Understand cross-zone replication of Azure NetApp Files (preview)

In many cases resiliency across availability zones is achieved by HA architectures using application-based replication and HA, as explained in Use availability zones for high availability. However, simpler, more cost-effective approaches are often considered by using storage-based data replication instead.
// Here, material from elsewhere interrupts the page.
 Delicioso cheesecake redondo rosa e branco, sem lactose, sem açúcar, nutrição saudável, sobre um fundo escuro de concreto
Similar to the Azure NetApp Files cross-region replication feature, the cross-zone replication (CZR) capability provides data protection between volumes in different availability zones. You can asynchronously replicate data from an Azure NetApp Files volume (source) in one availability zone to another Azure NetApp Files volume (destination) in another availability. This capability enables you to fail over your critical application if a zone-wide outage or disaster happens.

Supported regions

The preview of cross-zone replication is available in the following regions:

  • Australia East
  • Brazil South
  • Canada Central
  • Central India
  • Central US
  • East Asia
  • East US
  • East US 2
  • France Central
  • Germany West Central
  • Japan East
  • Korea Central
  • North Europe
  • Norway East
  • Qatar Central
  • South Africa North
  • Southeast Asia
  • South Central US
  • Sweden Central
  • Switzerland North
  • UAE North
  • UK South
  • US Gov Virginia
  • West Europe
  • West US 2
  • West US 3

In the future, cross-zone replication is planned for all AZ-enabled regions with Azure NetApp Files presence.

Service-level objectives

Recovery Point Objective (RPO) indicates the point in time to which data can be recovered. The RPO target is typically less than twice the replication schedule, but it can vary. In some cases, it can go beyond the target RPO based on factors such as the total dataset size, the change rate, the percentage of data overwrites, and the replication bandwidth available for transfer.
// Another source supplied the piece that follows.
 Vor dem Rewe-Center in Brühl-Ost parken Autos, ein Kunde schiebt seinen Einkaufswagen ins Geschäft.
Cross-zone replication supports three replication schedules: 10 minutes, hourly, and daily.

  • For the replication schedule of 10 minutes, the typical RPO is less than 20 minutes.
  • For the hourly replication schedule, the typical RPO is less than two hours.
  • For the daily replication schedule, the typical RPO is less than two days.
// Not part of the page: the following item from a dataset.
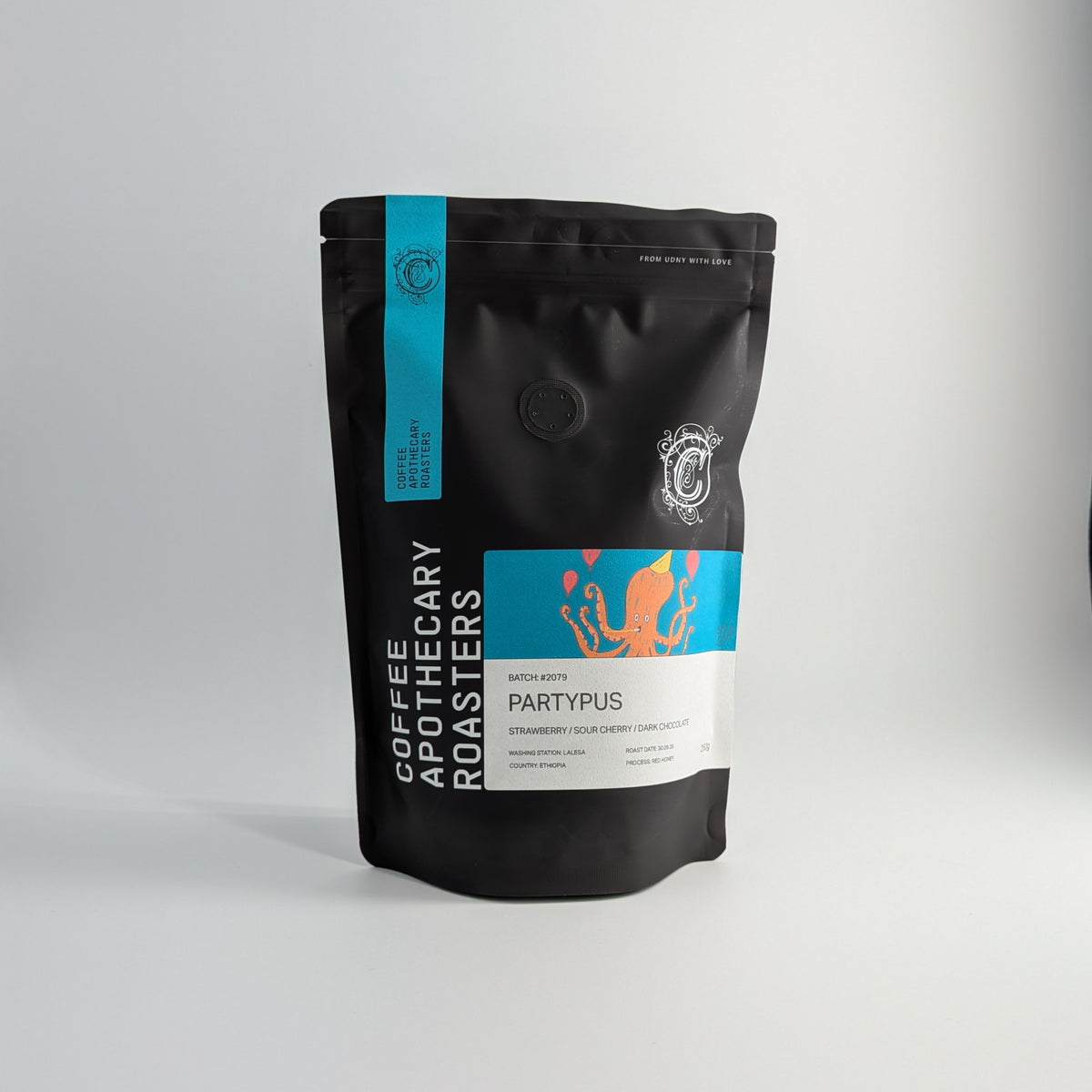 A black stand-up pouch of Coffee Apothecary Roasters 'Partypus' coffee, featuring a bright turquoise and white label with orange splash graphics, set against a neutral light gray background.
Recovery Time Objective (RTO), or the maximum tolerable business application downtime, is determined by factors in bringing up the application and providing access to the data at the second site. The storage portion of the RTO for breaking the peering relationship to activate the destination volume and provide read and write data access in the second site is expected to be complete within a minute.

Cost model for cross-zone replication

Replicated volumes are hosted on a capacity pool. As such, the cost for cross-zone replication is based on the provisioned capacity pool size and tier as normal. There is no additional cost for data replication.